— TASK BRIEF —
Only the lines below from the one containing "Omoi, Omoware, Furi, Furare" to the one containing "Nike/耐克正品JORDAN男士运动束脚针织休闲长裤FV7254-223" should be repeated, both included and unchanged.

━━━━━━━━━━━━━━━━

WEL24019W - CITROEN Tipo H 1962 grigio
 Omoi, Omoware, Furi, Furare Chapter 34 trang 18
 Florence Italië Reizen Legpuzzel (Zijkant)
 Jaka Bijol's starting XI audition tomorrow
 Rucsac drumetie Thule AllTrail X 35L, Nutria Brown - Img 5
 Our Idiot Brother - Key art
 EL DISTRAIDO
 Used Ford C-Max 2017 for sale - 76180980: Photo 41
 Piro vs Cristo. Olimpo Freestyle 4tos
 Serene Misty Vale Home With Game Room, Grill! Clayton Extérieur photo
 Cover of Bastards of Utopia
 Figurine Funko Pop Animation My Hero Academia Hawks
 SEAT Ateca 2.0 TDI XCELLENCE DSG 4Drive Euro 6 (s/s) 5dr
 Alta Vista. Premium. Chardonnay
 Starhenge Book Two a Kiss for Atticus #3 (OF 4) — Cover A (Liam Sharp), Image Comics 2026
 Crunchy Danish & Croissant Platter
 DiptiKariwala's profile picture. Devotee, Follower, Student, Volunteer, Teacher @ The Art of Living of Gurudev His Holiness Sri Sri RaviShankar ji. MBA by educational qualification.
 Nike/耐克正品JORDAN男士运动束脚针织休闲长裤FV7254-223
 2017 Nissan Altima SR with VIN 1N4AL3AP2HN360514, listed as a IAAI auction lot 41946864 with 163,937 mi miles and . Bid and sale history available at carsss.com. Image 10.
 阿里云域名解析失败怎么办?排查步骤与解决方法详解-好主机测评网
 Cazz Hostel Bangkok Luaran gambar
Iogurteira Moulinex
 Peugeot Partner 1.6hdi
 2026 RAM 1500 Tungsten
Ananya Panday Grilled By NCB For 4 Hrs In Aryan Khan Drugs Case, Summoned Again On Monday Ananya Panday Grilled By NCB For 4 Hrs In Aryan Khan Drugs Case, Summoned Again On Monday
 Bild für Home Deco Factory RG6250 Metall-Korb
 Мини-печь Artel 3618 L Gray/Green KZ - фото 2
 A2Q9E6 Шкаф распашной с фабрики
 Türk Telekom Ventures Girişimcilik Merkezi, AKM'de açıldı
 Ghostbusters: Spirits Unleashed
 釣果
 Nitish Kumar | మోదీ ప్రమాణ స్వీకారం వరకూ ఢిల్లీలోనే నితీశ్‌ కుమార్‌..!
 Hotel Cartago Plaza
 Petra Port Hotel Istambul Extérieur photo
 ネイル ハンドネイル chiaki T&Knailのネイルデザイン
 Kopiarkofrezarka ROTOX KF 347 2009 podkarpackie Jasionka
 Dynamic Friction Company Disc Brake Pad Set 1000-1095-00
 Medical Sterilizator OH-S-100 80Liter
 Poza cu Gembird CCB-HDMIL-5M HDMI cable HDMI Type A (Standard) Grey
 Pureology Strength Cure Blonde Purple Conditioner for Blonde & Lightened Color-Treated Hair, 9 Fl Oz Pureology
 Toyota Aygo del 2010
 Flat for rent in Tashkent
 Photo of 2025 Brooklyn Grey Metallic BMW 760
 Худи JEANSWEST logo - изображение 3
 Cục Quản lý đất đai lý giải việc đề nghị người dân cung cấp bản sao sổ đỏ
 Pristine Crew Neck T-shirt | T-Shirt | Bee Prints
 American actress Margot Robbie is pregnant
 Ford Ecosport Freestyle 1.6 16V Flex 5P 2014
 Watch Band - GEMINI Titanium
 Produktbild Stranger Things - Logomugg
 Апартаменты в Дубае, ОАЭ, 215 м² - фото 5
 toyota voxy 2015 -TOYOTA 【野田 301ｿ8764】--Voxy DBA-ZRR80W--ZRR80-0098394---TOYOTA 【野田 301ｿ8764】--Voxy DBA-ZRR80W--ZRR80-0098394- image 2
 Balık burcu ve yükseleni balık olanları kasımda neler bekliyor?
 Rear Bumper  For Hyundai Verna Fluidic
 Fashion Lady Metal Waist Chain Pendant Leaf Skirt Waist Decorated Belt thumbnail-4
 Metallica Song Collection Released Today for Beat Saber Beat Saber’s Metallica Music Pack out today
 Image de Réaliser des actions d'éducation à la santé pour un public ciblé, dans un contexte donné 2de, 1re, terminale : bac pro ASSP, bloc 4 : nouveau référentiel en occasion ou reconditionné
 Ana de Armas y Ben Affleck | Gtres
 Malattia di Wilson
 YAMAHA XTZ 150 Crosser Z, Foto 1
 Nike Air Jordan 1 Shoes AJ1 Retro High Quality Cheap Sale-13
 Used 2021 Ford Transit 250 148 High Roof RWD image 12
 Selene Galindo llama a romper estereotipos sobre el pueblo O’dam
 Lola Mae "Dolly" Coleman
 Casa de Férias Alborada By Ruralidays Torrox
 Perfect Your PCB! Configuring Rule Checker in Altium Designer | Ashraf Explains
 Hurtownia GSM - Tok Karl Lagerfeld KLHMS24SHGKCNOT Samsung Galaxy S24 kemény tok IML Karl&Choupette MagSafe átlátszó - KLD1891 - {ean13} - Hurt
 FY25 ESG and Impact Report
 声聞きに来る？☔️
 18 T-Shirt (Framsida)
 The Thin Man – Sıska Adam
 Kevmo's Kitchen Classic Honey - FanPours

━━━━━━━━━━━━━━━━

— EXERCISE RESPONSE —
 Omoi, Omoware, Furi, Furare Chapter 34 trang 18
 Florence Italië Reizen Legpuzzel (Zijkant)
 Jaka Bijol's starting XI audition tomorrow
 Rucsac drumetie Thule AllTrail X 35L, Nutria Brown - Img 5
 Our Idiot Brother - Key art
 EL DISTRAIDO
 Used Ford C-Max 2017 for sale - 76180980: Photo 41
 Piro vs Cristo. Olimpo Freestyle 4tos
 Serene Misty Vale Home With Game Room, Grill! Clayton Extérieur photo
 Cover of Bastards of Utopia
 Figurine Funko Pop Animation My Hero Academia Hawks
 SEAT Ateca 2.0 TDI XCELLENCE DSG 4Drive Euro 6 (s/s) 5dr
 Alta Vista. Premium. Chardonnay
 Starhenge Book Two a Kiss for Atticus #3 (OF 4) — Cover A (Liam Sharp), Image Comics 2026
 Crunchy Danish & Croissant Platter
 DiptiKariwala's profile picture. Devotee, Follower, Student, Volunteer, Teacher @ The Art of Living of Gurudev His Holiness Sri Sri RaviShankar ji. MBA by educational qualification.
 Nike/耐克正品JORDAN男士运动束脚针织休闲长裤FV7254-223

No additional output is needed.